*** Input data Section Begins ***

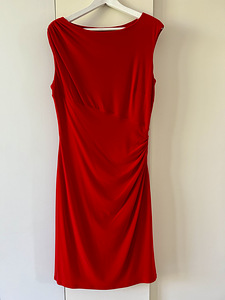 Ralph Lauren Red Dress punane kleit US size 12 ehk L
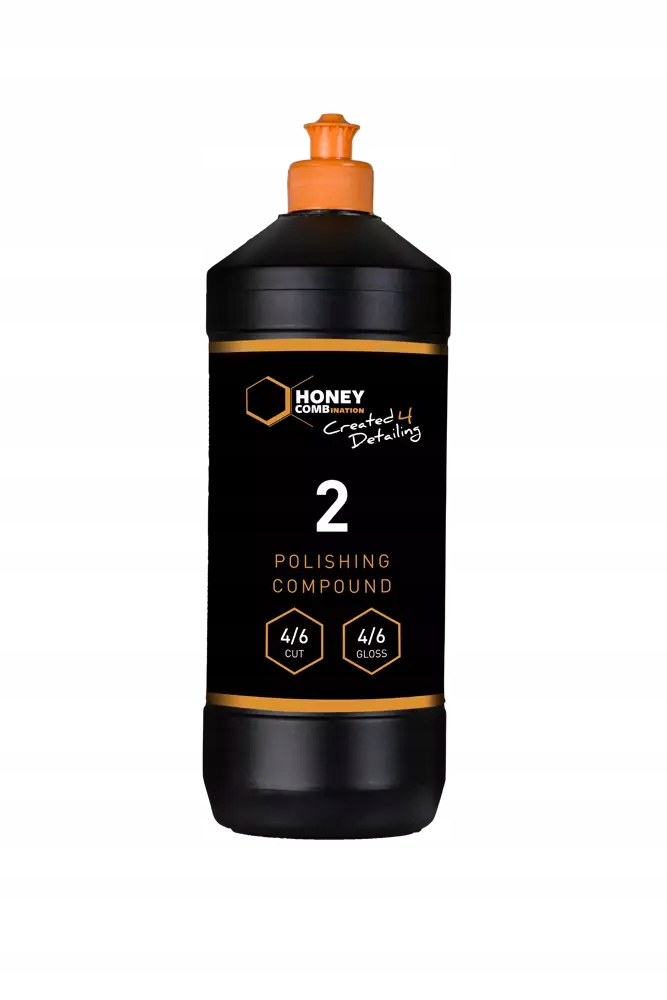 HONEY PASTA POLERSKA POLISHING COMPOUND 2 1L ŚREDNIO TNĄCA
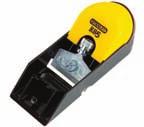 Clamping screw allows for quick release of the lever cap for easy cutter removal Cutter Blade Included: 1.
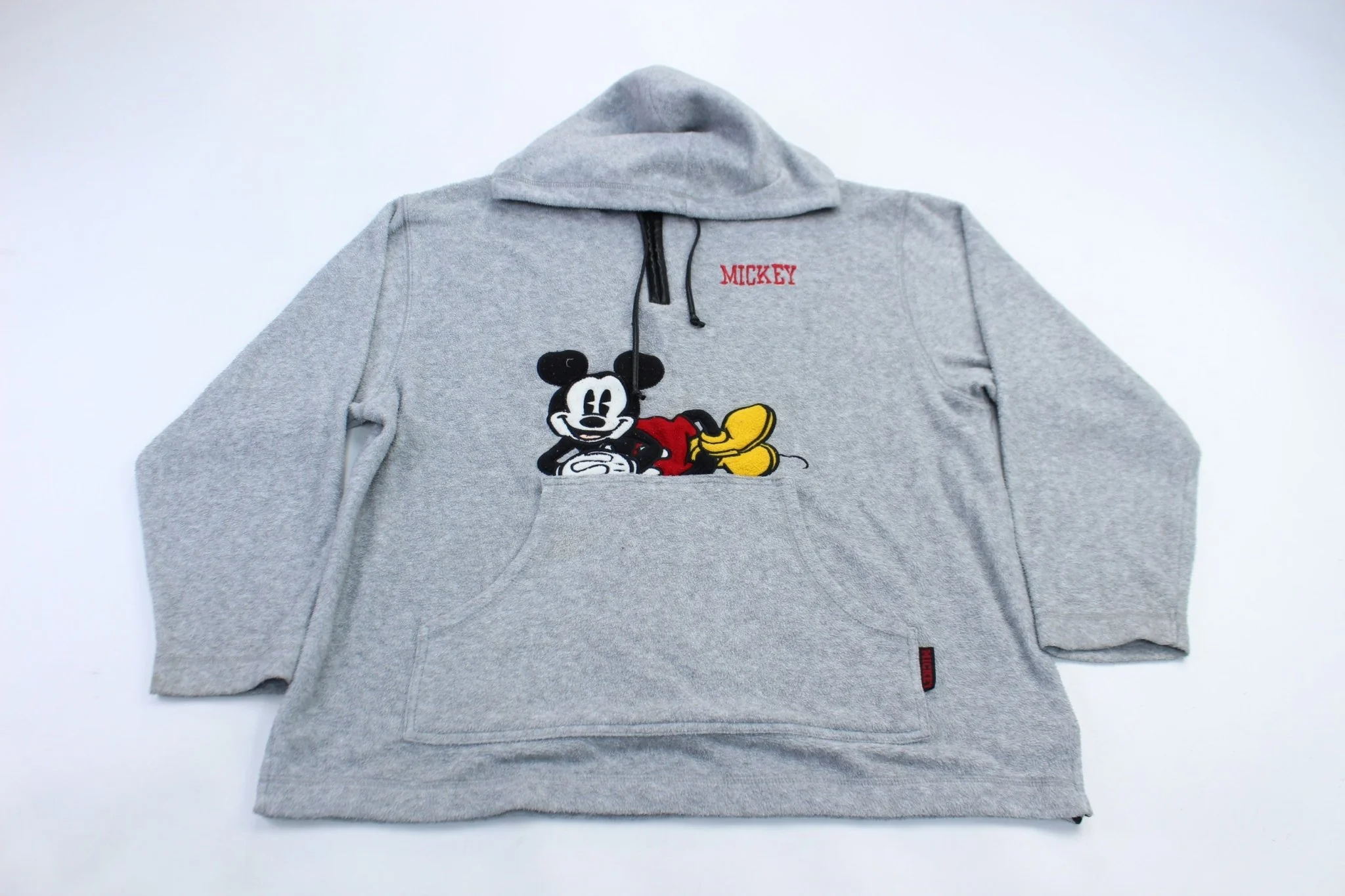 Women's Mickey Unlimited Embroidered Mickey Mouse Fleece Jacket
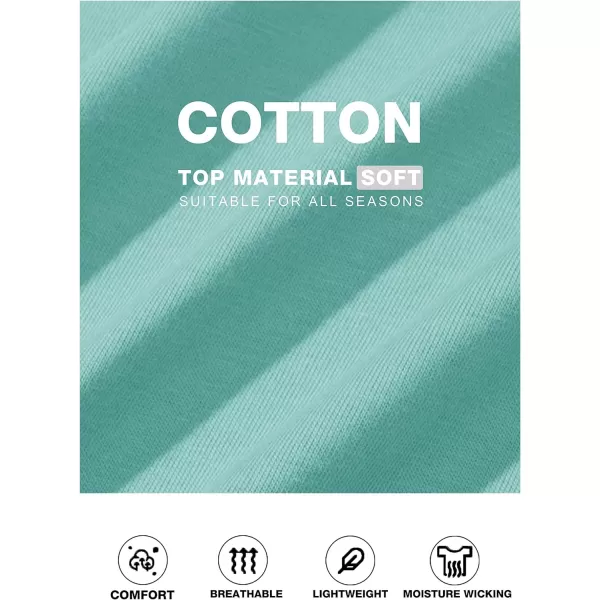 MAGCOMSEN Mens T Shirt Short Sleeve Pocket T Shirt Cotton Crewneck Tee Regular Fit Ribbed Neckline Shirt for Men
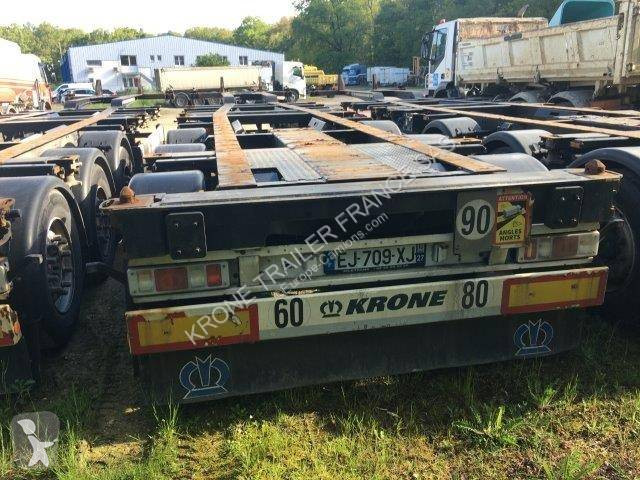 Semitrailer Krone Box liner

*** Input data Section Ends ***

> Task instructions
The answer must match the entries above line for line, with the pictures dropped.

> Task answer
 Ralph Lauren Red Dress punane kleit US size 12 ehk L
 HONEY PASTA POLERSKA POLISHING COMPOUND 2 1L ŚREDNIO TNĄCA
 Clamping screw allows for quick release of the lever cap for easy cutter removal Cutter Blade Included: 1.
 Women's Mickey Unlimited Embroidered Mickey Mouse Fleece Jacket
 MAGCOMSEN Mens T Shirt Short Sleeve Pocket T Shirt Cotton Crewneck Tee Regular Fit Ribbed Neckline Shirt for Men
 Semitrailer Krone Box liner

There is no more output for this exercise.